Ahora, mientras miraba desde su ventana, se le ocurrió que el mundo estaba más próximo a este terror natural que nunca; los trabajadores de las oficinas salían de las mismas en grupos y se dirigían a los restaurantes del centro, exponiéndose a los peligros que pudiera encerrar la calle de día. Estaban a salvo en casi todo momento. Salían a la calle soleada, disfrutaban de la brisa, pasaban de los mendigos sin techo sentados con la espalda contra las frías paredes de hormigón, como cuervos sobre un cable. «No se les pasa por la cabeza que puedan estar en presencia de una rabia demencial y homicida que bulle por dentro -pensó ella-. A la hora del almuerzo el mundo pertenece al sol, a las autoridades, a las personas adaptadas al sistema. "¿Sales a comer?" "Claro." No tiene mayor secreto.»

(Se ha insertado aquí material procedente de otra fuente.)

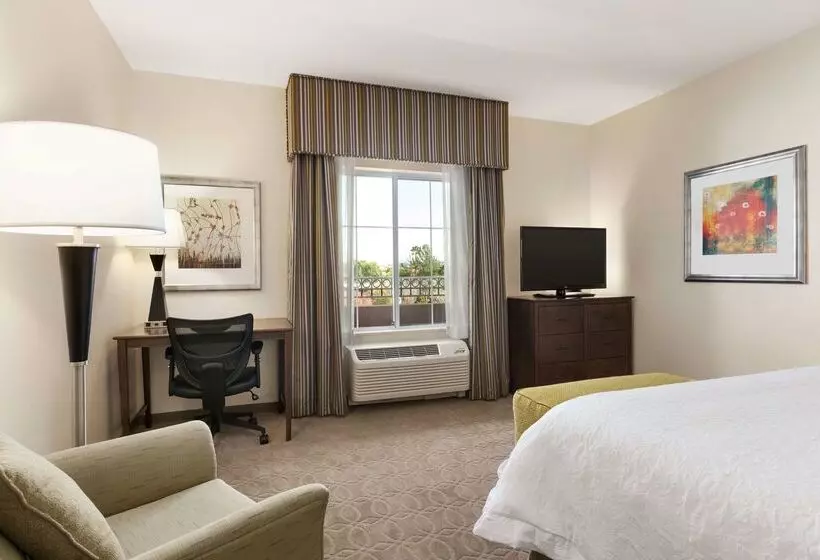 호텔 Hampton Inn & Suites San Bernardino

Por supuesto, de vez en cuando alguien salía a comer y acababa muerto. Como los animales obligados por las circunstancias a beber a unos pocos metros de las fauces de los cocodrilos.
«Selección natural -se dijo-. La naturaleza nos hace más fuertes eliminando a los débiles y los tontos de la manada. Como animales.»
Se estaba formando un corro en el centro de su oficina. Oyó las voces que se alzaban para discutir. ¿A un chino o a un bufé de ensaladas? ¿Por cuál de ellos estaríais dispuestos a jugaros el pellejo? Por un momento ella acarició la idea de unirse a ellos, pero se lo pensó dos veces.
Se agachó para comprobar si la pistola automática que llevaba en el bolso estaban cargada. Había una bala en la recámara, y el percutor estaba echado hacia atrás. Sin embargo, el seguro estaba puesto, pero bastaban un leve movimiento del pulgar y una ligera presión en el gatillo para que el arma disparase. El día anterior, con un destornillador y unas pequeñas pinzas de joyero, había afinado la fuerza de tensión de todas sus armas. Ahora sólo se requería poco más de un toque para dispararlas todas, incluido el fusil automático que colgaba al fondo de su armario. Pensó: «No queda tiempo, en este mundo, para preguntarse si está uno haciendo lo correcto. Sólo hay tiempo para apuntar y disparar.»